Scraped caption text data
┌──
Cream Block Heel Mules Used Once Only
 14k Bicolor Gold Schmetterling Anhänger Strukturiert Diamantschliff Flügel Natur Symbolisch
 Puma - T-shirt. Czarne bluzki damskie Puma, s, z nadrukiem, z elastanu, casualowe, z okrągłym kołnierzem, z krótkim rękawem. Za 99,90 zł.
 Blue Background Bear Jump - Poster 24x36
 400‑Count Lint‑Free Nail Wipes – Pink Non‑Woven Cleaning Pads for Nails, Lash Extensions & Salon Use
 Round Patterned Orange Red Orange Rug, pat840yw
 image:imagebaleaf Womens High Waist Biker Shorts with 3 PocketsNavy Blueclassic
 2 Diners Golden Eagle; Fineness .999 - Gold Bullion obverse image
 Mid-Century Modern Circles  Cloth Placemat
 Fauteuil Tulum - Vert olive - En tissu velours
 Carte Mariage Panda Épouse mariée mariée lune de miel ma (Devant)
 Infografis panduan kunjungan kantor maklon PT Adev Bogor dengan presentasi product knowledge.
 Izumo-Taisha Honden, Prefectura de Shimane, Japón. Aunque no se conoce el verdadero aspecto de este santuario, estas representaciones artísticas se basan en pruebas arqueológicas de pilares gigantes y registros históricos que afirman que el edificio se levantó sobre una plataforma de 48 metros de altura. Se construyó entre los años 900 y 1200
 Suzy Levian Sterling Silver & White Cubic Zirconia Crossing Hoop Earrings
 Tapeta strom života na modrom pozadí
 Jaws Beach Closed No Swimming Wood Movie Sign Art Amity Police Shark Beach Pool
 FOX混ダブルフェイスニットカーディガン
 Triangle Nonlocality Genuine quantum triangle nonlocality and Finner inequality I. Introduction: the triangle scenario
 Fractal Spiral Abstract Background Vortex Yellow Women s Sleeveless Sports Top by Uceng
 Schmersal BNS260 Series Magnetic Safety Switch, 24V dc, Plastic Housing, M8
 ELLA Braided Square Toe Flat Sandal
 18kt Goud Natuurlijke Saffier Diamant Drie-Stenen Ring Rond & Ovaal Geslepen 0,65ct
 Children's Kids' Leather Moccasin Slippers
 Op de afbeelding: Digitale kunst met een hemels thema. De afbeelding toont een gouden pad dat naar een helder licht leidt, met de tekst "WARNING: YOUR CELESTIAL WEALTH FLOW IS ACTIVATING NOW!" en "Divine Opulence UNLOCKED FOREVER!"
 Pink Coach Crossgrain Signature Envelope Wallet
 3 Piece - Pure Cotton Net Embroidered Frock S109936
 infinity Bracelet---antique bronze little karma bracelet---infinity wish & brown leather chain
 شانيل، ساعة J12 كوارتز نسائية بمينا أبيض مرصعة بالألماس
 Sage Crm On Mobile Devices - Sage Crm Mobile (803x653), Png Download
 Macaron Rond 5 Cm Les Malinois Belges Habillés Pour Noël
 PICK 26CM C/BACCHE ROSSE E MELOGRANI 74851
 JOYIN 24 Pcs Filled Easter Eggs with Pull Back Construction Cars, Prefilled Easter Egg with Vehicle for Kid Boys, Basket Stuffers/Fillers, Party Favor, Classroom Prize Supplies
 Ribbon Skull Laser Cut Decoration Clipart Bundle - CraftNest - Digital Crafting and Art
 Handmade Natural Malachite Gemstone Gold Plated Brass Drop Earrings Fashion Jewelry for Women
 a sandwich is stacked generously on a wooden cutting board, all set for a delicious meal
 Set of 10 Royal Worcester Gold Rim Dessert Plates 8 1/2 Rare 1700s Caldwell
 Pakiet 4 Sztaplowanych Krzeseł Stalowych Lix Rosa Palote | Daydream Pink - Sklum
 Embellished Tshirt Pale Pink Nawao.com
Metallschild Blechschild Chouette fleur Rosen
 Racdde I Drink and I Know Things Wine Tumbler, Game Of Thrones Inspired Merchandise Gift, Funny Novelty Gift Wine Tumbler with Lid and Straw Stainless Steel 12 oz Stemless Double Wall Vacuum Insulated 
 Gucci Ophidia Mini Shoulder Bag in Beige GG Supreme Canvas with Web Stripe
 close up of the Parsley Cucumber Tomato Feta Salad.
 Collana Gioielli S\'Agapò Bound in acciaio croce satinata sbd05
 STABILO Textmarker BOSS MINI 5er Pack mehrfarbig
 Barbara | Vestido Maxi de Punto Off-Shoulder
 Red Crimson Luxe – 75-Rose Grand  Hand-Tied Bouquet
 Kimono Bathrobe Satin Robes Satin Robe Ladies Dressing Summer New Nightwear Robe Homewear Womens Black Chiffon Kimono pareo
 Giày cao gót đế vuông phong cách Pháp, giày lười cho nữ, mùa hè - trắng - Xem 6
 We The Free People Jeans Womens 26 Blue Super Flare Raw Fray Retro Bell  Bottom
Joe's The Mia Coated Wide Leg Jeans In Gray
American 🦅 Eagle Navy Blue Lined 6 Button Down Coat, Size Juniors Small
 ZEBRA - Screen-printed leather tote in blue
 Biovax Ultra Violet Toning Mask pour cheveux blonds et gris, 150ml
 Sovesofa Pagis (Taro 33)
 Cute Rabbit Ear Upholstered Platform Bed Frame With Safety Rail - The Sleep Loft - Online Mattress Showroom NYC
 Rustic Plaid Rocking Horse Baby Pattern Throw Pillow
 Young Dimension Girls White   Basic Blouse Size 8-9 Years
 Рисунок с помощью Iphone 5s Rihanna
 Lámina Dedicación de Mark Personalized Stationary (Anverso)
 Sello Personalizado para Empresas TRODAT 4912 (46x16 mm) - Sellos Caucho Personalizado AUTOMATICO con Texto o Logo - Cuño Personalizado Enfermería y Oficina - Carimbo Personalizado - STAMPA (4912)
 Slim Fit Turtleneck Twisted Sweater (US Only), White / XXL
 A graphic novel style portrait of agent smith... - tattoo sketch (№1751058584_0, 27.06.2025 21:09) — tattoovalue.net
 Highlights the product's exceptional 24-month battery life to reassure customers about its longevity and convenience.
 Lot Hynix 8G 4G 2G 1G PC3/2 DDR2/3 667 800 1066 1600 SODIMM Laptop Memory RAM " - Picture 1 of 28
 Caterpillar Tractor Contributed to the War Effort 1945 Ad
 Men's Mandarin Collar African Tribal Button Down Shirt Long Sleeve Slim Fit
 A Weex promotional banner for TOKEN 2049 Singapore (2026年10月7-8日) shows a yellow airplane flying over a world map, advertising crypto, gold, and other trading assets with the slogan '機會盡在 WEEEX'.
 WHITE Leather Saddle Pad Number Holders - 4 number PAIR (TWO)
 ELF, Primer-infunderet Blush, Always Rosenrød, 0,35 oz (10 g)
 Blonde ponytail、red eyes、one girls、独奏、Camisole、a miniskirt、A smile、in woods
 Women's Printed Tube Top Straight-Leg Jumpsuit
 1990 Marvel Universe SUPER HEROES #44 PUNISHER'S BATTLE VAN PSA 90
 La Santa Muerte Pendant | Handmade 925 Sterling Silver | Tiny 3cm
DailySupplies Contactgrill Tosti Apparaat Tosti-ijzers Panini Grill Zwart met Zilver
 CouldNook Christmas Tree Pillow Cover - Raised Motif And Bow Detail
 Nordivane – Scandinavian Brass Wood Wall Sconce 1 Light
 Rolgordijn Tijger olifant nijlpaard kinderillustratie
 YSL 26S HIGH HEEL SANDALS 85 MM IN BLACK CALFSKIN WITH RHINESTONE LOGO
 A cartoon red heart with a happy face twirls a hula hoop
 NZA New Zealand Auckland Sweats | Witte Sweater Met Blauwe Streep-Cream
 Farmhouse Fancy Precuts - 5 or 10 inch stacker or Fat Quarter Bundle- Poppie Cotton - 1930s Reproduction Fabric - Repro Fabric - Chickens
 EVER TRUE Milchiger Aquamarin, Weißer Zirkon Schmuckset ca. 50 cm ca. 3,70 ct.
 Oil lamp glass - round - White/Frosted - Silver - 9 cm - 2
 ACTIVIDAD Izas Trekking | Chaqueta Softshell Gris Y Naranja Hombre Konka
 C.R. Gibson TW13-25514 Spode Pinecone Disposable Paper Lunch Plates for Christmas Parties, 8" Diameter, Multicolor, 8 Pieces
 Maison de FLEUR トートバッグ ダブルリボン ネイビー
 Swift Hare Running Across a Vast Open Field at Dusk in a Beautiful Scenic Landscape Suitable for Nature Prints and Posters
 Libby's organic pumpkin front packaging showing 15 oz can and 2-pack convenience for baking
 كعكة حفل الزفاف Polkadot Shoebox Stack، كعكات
└──
#### YOUR TASK
Of the lines above, retype only those from the line containing "Tapeta strom života na modrom pozadí" through the line containing "ELLA Braided Square Toe Flat Sandal", including both, exactly.

#### RESULT OF THE EXERCISE
 Tapeta strom života na modrom pozadí
 Jaws Beach Closed No Swimming Wood Movie Sign Art Amity Police Shark Beach Pool
 FOX混ダブルフェイスニットカーディガン
 Triangle Nonlocality Genuine quantum triangle nonlocality and Finner inequality I. Introduction: the triangle scenario
 Fractal Spiral Abstract Background Vortex Yellow Women s Sleeveless Sports Top by Uceng
 Schmersal BNS260 Series Magnetic Safety Switch, 24V dc, Plastic Housing, M8
 ELLA Braided Square Toe Flat Sandal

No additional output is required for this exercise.